Whatever appears in the records apart from pictures must be reproduced exactly.

[RECORDS TO USE — start]

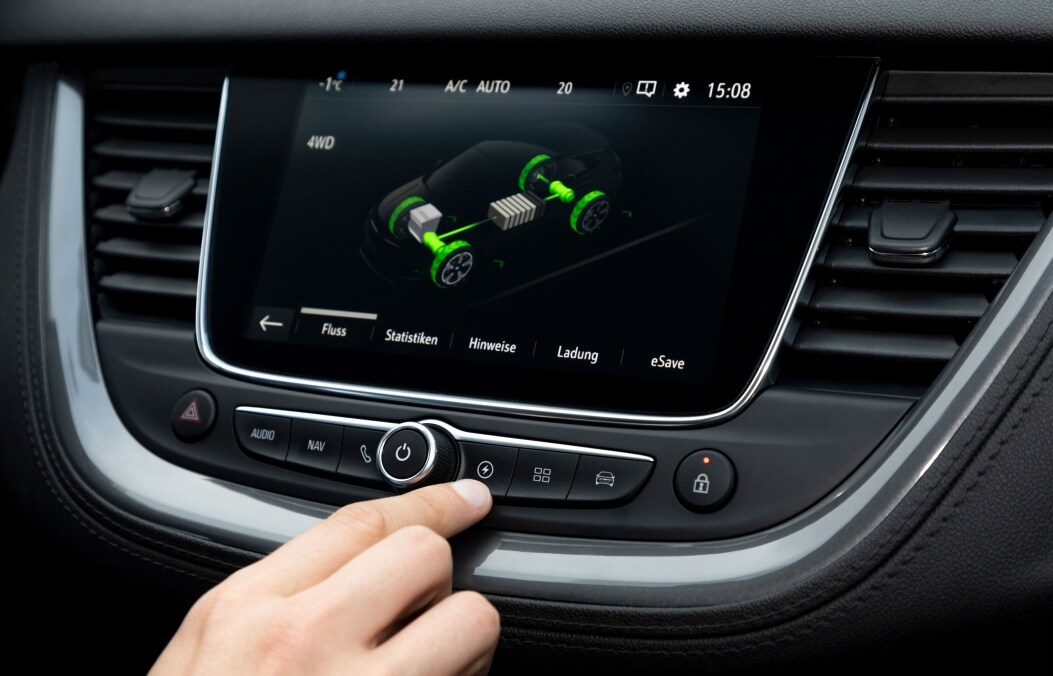 Opel Grandland X Hybrid4 Opel Grandland X Hybrid4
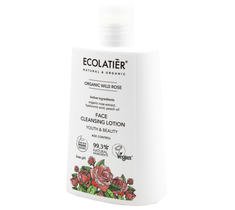 Ecolatier Organic Wild Rose mleczko do twarzy oczyszczające (250 ml)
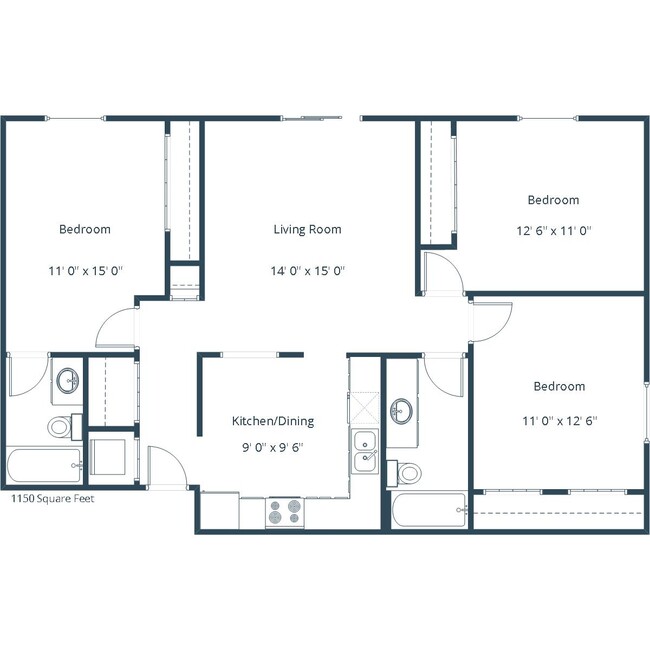 Floorplan - Fairview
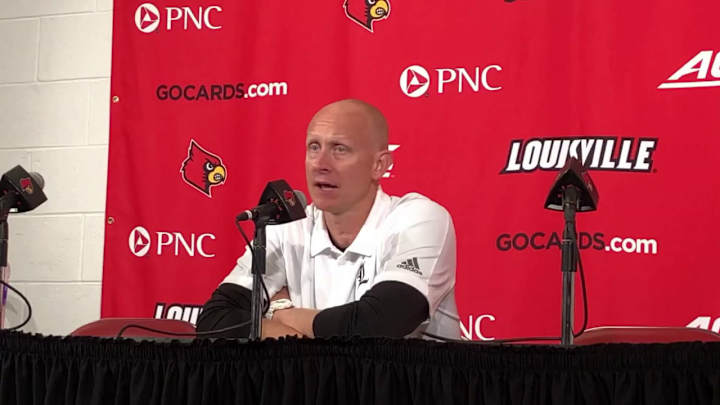 Physicality shown in scrimmage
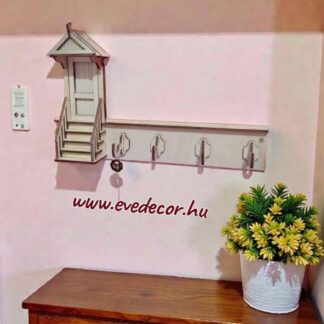 Ajtós kulcstartó (Fali 0031)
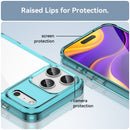 Apple iPhone 17 Pro Max Soft TPU Bumper Case [Clear Blue]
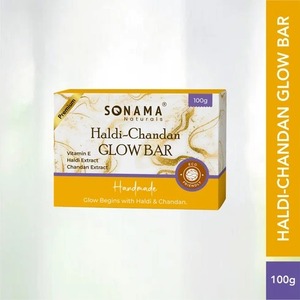 Best Selling Haldi Chandan Handmade Soap Bar with <b>Turmeric</b> and Sandalwood for Daily Bathing Skin Cleansing Bulk Supplier - Product Image 3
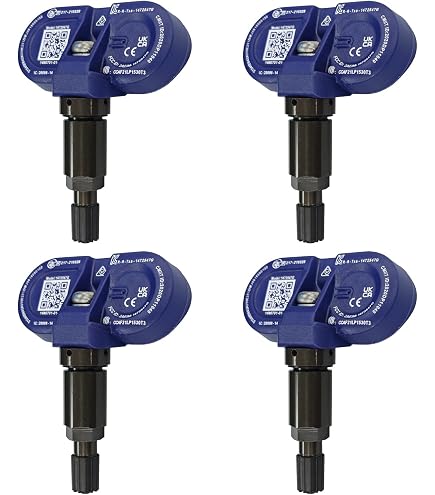 Amazon.co.jp: Tesla Bluetooth TPMSセンサー(4個) タイヤ空気圧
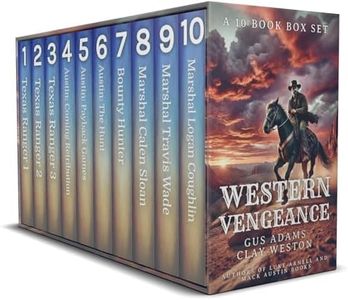 Western Vengeance: A 10 Book Box Set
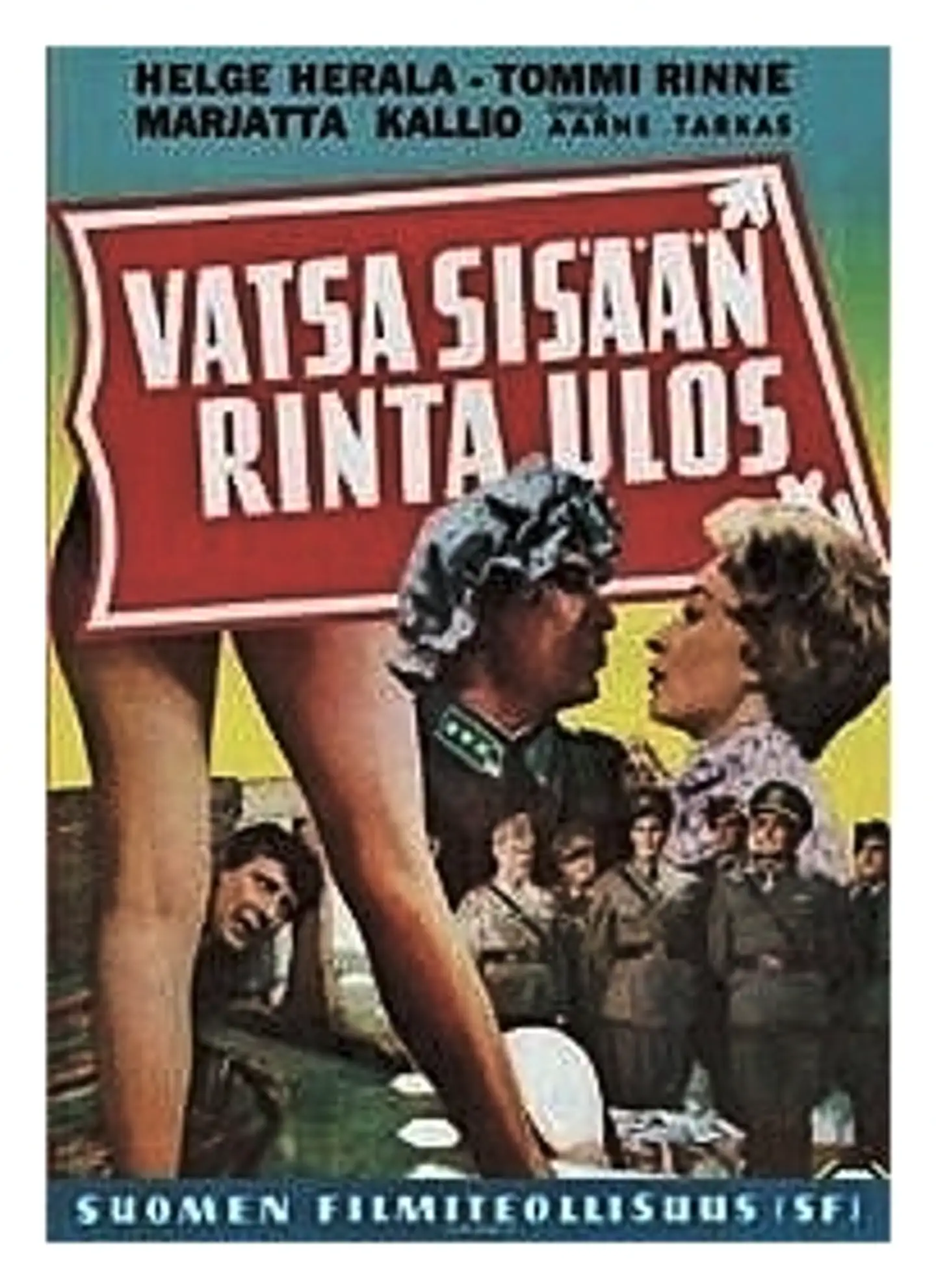 Vatsa Sisään Rinta Ulos DVD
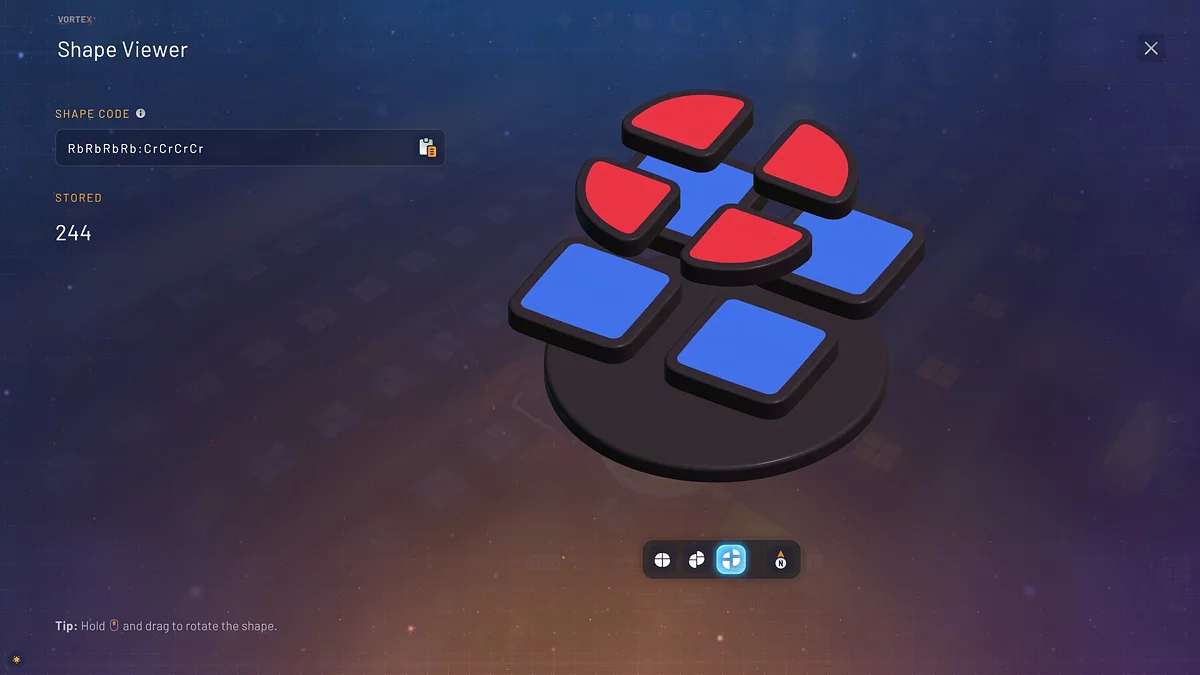 Скриншоты из shapez 2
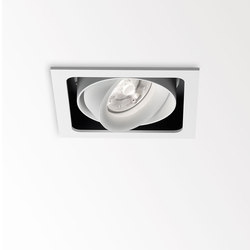 Minigrid In SI | Minigrid In 1 Frame + Minigrid Snap-In Hi LED | Recessed ceiling lights | Delta Light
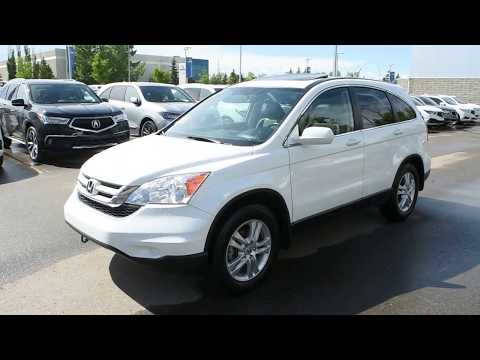 2011 Honda CR-V EX-L Walk Around Review | West Side Acura in Edmonton Alberta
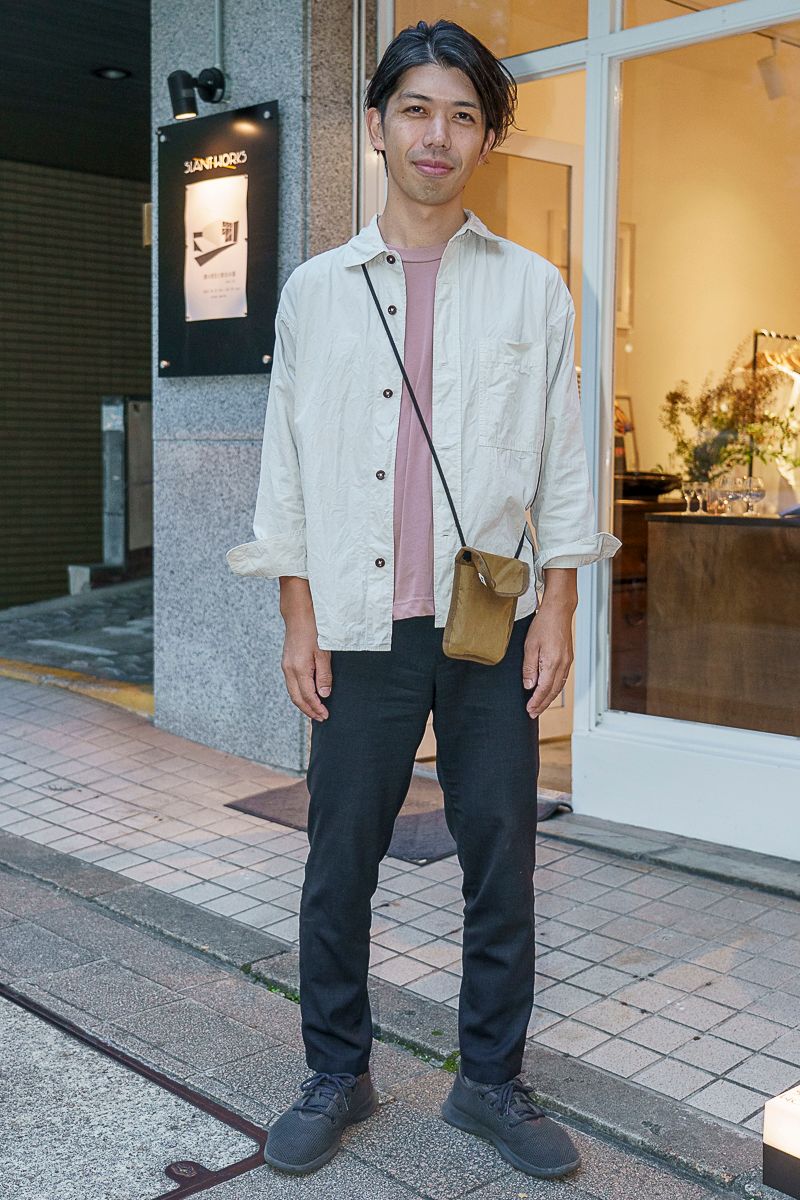 噂のサステナシューズ。ブラックは街で万能 佐々木 享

[RECORDS TO USE — finish]

TASK RESULT:
 Opel Grandland X Hybrid4 Opel Grandland X Hybrid4
 Ecolatier Organic Wild Rose mleczko do twarzy oczyszczające (250 ml)
 Floorplan - Fairview
 Physicality shown in scrimmage
 Ajtós kulcstartó (Fali 0031)
 Apple iPhone 17 Pro Max Soft TPU Bumper Case [Clear Blue]
 Best Selling Haldi Chandan Handmade Soap Bar with <b>Turmeric</b> and Sandalwood for Daily Bathing Skin Cleansing Bulk Supplier - Product Image 3
 Amazon.co.jp: Tesla Bluetooth TPMSセンサー(4個) タイヤ空気圧
 Western Vengeance: A 10 Book Box Set
 Vatsa Sisään Rinta Ulos DVD
 Скриншоты из shapez 2
 Minigrid In SI | Minigrid In 1 Frame + Minigrid Snap-In Hi LED | Recessed ceiling lights | Delta Light
 2011 Honda CR-V EX-L Walk Around Review | West Side Acura in Edmonton Alberta
 噂のサステナシューズ。ブラックは街で万能 佐々木 享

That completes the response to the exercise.